# What to spend leaf tickets on?



## Imnotcrazyhopefully (Dec 6, 2017)

Ok so I?m pretty far in the game and I?ve currently bought K.K. Slider?s chair, Tom Nook?s chair, and all the extra crafting spaces. What else should I spend my leaf tickets on? I don?t really want to use them just to speed things up or craft items without enough matieruals, so is there anything else to spend them on? I?m not quite sure what to do with mine.


----------



## lPeachy (Dec 6, 2017)

I've recently been putting them towards extra inventory space, it's 20 tickets for 5 extra spaces on top of whatever you already have.
They also get used on the occasional specialty pot of honey or fishing net(the 15 ticket ones for specific bug/fish types)
And with my extra invo space it makes using those much easier/fruitful~!


----------



## tolisamarie (Dec 6, 2017)

I spent 400 tickets to increase storage capacity from 150 to 250 (max) and it's made the game much easier to play.

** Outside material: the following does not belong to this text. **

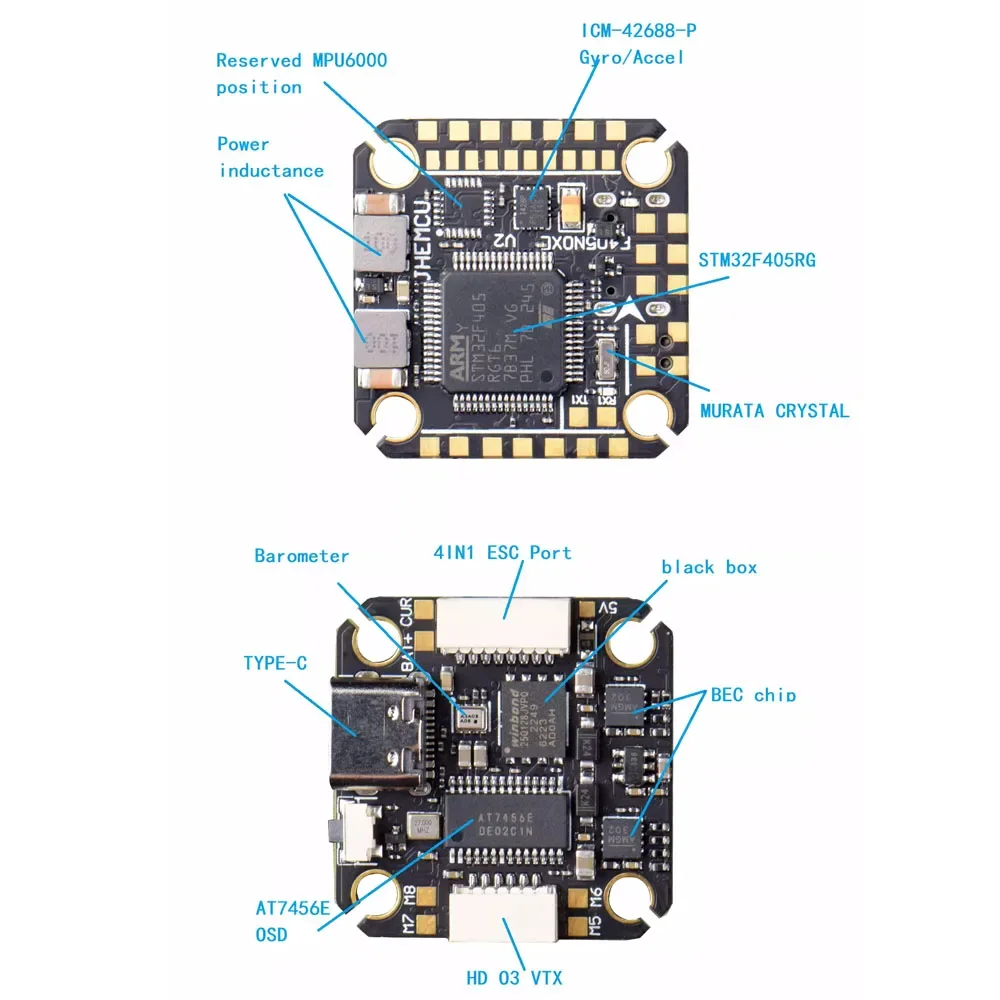 JHEMCU F405 Noxe v2 Flight Controller Baro Osd 16mb Blackbox 5V 10V dual bec 20x20mm 3-6s lipo for fpv freestyle drone diy parts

I also bought the 2 crafting spaces and spent 40 tickets to buy 4 extra market boxes.

So that's 600 tickets total. I have almost 500 tickets saved up now, but  I don't want the chairs so I'm saving them for future content.


----------



## Bcat (Dec 6, 2017)

Save em up for potential new content!


----------



## quicktails (Dec 6, 2017)

Inventory space was the most worth it for me, though market slots are nice too.


----------



## noctibloom (Dec 7, 2017)

I'm currently saving my tickets for future content, though if I get super impatient when it comes to getting Marshal into my camp, I may ending spending a few tickets there. So far, that hasn't happened though. I do want to upgrade my inventory space at some point, but I'm not in much of a hurry.


----------



## WynterFrost (Dec 7, 2017)

I use my tickets in the  mine if it's a resource that I really need (which is usually essence)


----------



## deSPIRIA (Dec 7, 2017)

save, but if you're desperate for bugs/fish spend some on fish nets or honey.


----------



## Stitched (Dec 7, 2017)

I use mine for fishing nets and honey when i don't feel like waiting for things to spawn or looking through market boxes. I also used them to get all the crafting spots. Didn't get KK or Tom. I'll also use them if i'm short on some materials for an item.


----------



## jenikinz (Dec 7, 2017)

I spent most of mine on crafting things because I didn't have enough supplies, and I have all the craft spaces open.  I may spend the rest on storage, but I have a good system now where I keep just enough of each item to get me through one round of doing favors for all the animals then I build it all back up once all those favors are done for the next round of favors.


----------



## Foreversacredx (Dec 8, 2017)

I used mine on the Tom Nook and K.K. Slider because I'm hoping to get a full catalogue and K.K. sits in my campsite next to my bonfire. I also used some for a crafting space, I'm also thinking of increasing my inventory though but it's expensive.


----------



## Nightstar (Dec 8, 2017)

I bought both the extra crafting spaces and I've gone to Shovelstrike Quarry a couple times. I have over 400 now, even after that spending, and haven't spent a single cent of IRL money on it.


----------



## Katelyn (Dec 8, 2017)

I bought K.K. and Tom Nook, the three crafting spaces and I've fully upgraded my storage. Next are the marketplace boxes


----------



## ChocoMagii (Dec 10, 2017)

Extra crafting space, storage and sometimes bugs because I'm lazy or impatient. Although I'm trying my best to save it for limited items. 


TBT Username: ChocoMagii
In-game name: Bec
Friend ID: 1396 4354 134


----------



## Alienfish (Dec 10, 2017)

I mostly do on villager-specific items that requires ridiculous amount of resources lol


----------



## Cheshire (Dec 10, 2017)

I spend mine on the quarry when there’s essence and I’ve already entered with the help of my friends on the same day. Tier 3 amenity essence requirements are a nightmare (50 each), and buying missing essences while crafting costs a whopping 20 tickets per essence - so 20 tickets for the quarry entry (which usually nets you between 5 to 10 essences) isn’t that bad.


----------



## KaydeeKrunk (Dec 10, 2017)

I finally spent some of mine on the cute hippy exterior for my RV, I just think it matches the whole natural aesthetic I eventually want so I am going with it!


----------



## jenikinz (Dec 10, 2017)

I caved and spent mine to complete furniture to get a cotton giving animal in my camp because I only have one right now, and I NEED more cotton.  I also gave myself more storage space.  Time to build them back up.


----------



## Vala (Dec 10, 2017)

Bought the K.K Slider and Nook specials and spent the rest on inventory and trading slots with them being the most important for me with me being a trader. How you use them depends on your playstyle I would say.


----------